***** Stored data
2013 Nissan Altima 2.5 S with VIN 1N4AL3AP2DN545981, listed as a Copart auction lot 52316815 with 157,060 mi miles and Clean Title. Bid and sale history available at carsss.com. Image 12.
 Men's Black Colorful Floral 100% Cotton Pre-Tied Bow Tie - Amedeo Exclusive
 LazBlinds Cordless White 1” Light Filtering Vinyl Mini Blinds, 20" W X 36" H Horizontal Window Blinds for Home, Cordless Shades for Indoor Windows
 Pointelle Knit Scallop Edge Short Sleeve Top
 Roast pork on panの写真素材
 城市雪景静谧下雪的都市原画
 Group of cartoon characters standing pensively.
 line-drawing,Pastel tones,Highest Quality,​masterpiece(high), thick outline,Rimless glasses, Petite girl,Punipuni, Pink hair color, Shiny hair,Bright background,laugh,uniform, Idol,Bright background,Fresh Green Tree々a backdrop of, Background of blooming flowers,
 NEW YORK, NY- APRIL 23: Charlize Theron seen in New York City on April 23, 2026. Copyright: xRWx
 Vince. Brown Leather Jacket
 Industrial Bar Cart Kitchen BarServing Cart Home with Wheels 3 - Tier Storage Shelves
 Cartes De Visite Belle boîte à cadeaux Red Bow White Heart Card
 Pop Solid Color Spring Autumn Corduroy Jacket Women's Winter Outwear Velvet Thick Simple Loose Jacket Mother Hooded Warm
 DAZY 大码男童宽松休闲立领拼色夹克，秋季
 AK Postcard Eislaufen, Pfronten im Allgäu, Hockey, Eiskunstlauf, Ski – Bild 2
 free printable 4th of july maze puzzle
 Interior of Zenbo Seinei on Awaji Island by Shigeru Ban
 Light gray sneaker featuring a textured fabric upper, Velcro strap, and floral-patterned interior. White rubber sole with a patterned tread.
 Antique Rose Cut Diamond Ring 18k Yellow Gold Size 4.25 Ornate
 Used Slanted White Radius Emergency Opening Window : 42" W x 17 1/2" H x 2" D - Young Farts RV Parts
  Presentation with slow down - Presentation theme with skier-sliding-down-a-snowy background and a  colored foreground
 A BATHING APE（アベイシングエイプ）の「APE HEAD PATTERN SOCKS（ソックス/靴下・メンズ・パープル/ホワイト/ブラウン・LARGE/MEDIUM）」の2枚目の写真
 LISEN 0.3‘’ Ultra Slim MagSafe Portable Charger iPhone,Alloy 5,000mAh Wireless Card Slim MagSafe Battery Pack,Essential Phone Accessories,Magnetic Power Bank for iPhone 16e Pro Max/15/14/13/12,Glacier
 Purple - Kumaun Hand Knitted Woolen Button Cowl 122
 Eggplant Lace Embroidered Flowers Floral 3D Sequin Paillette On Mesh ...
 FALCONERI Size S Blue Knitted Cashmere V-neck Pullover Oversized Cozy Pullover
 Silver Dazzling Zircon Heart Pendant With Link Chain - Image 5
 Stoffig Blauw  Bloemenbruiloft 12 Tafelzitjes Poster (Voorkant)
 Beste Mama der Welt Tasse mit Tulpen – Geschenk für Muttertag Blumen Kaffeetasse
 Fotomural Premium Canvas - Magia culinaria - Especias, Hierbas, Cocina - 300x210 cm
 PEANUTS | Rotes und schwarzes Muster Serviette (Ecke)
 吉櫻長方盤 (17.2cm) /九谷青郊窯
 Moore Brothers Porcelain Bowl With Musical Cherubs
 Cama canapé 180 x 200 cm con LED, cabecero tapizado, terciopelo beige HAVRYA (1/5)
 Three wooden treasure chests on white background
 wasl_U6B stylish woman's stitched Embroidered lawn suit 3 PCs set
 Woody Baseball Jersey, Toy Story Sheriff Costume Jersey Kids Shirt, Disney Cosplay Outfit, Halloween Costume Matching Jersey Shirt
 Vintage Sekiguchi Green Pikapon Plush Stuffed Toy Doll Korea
**********
*Work task*. Reproduce verbatim the lines above, from the line with "Interior of Zenbo" through the line with "Antique Rose Cut".

*Solution for this task*.
 Interior of Zenbo Seinei on Awaji Island by Shigeru Ban
 Light gray sneaker featuring a textured fabric upper, Velcro strap, and floral-patterned interior. White rubber sole with a patterned tread.
 Antique Rose Cut Diamond Ring 18k Yellow Gold Size 4.25 Ornate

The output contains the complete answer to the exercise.